But, as the current fight between Disney and Florida Gov. Ron DeSantis shows, privatizing cities can come with serious downsides. Chief among them is that such towns often have their own privatized government that isn’t responsive to elected officials in the local community or even the state in which the city is located. By separating themselves from their surroundings, these towns also exacerbate inequality, creating enclaves of the rich while reducing the tax base of the surrounding region.
Then there’s the process of starting the city to begin with. Existing residents of Solano County expressed alarm at the extreme secrecy of a coordinated effort to buy 52,000 acres in a rural area around an Air Force base that includes mostly farms and a two-lane road.
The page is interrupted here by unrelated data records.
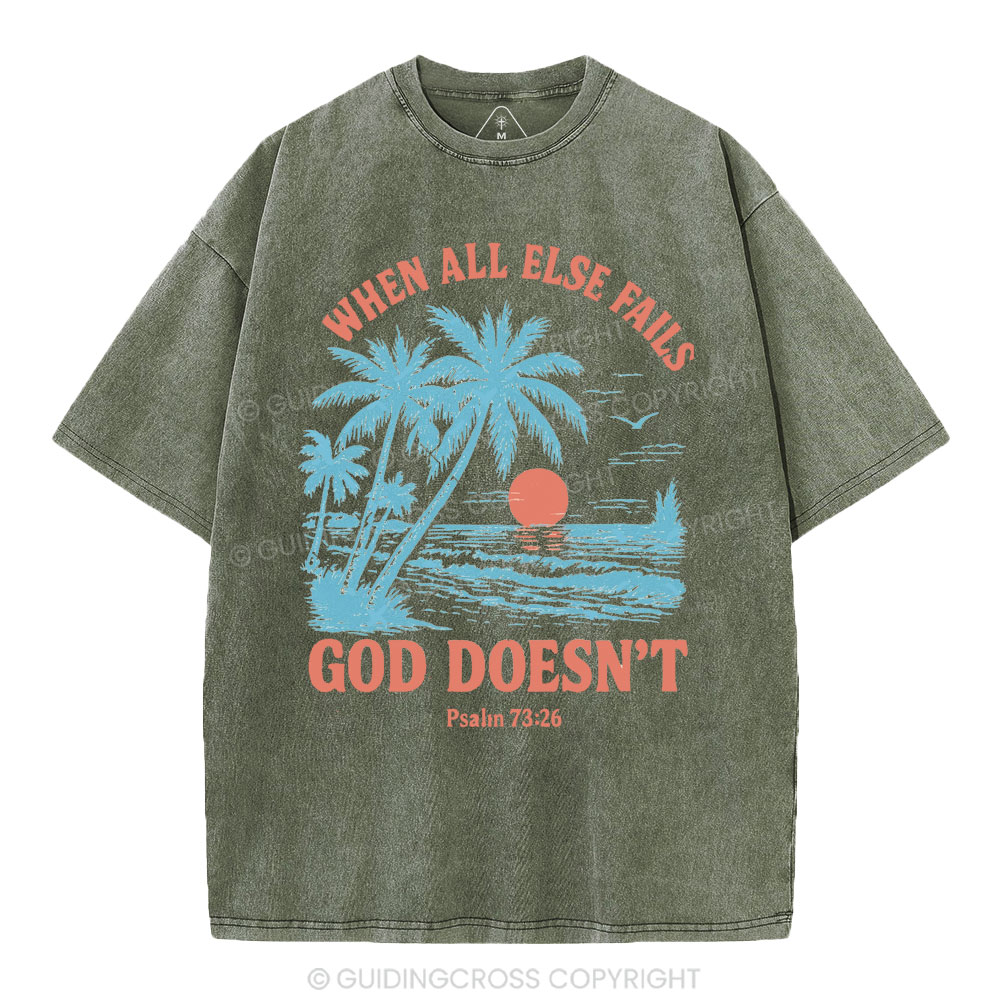 When All Else Fails God Doesn't Christian Washed T-Shirt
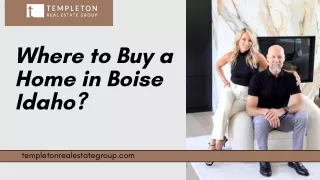 Where to Buy a Home in Boise Idaho?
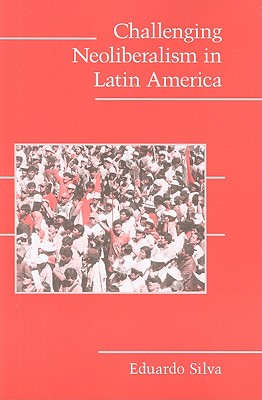 Challenging Neoliberalism in Latin America - Silva, Eduardo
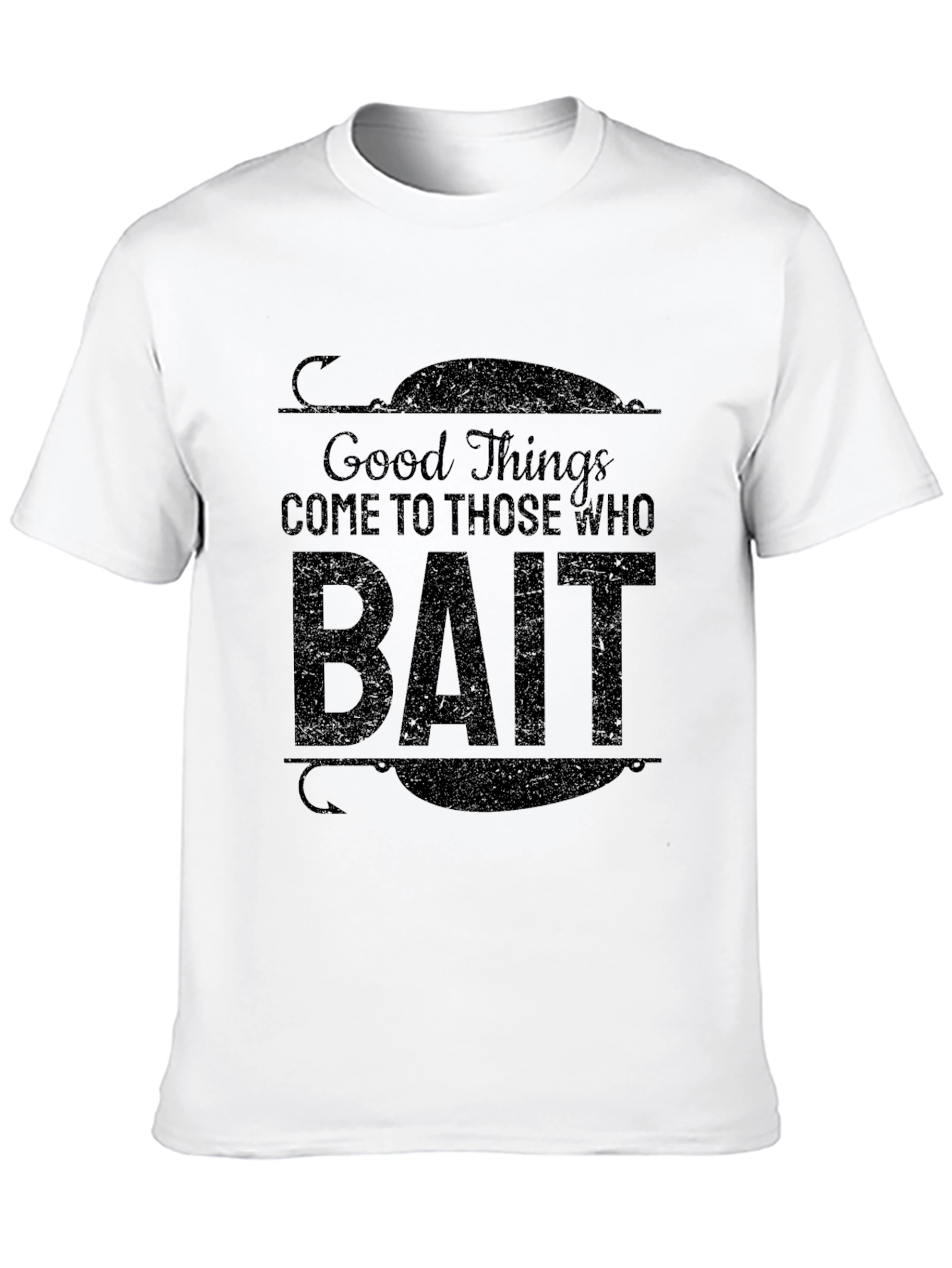 Good Things Come To Those Who Bait T-Shirt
“People with money have their own goals,” Duane Kromm, a former Solano County supervisor, told the San Francisco Chronicle. “It’s clear they have no sensitivities to the local community,” he said of the investors, adding, “The damage they are doing to family farms, to people who have known each other for generations, is unbelievable.”
A spokesman representing the techies who bought in Solano County didn’t directly answer questions about what lessons the people learned about launching new cities, but promised to work with existing residents in a statement.
“We are proud to partner on a project that aims to deliver access to good-paying jobs, affordable housing, clean energy, sustainable infrastructure, open space, and a healthy environment to residents of Solano County,” Brian Brokaw, a spokesman for Flannery Associates, the investment group, said. “We are excited to start working with residents and elected officials, as well as with Travis Air Force Base, on making that happen. That engagement with community leaders starts this week, and we look forward to sharing more soon.”
The investors face an uphill battle in getting the rezonings and voter approval that would be required to make their utopia a reality. In the spring, Flannery sued a group of local homeowners, accusing them of a conspiracy to drive up their land prices; several of them have since settled while others have moved to dismiss the suit. Still, if there’s anyone who knows how to use local government to their ends, it’s these folks.
“You are looking at a murderer’s row of very, very clever investors,” Matt Regan, senior vice president of the business group Bay Area Council, told the Chronicle. “If they are serious about this venture, I wouldn’t bet against it.”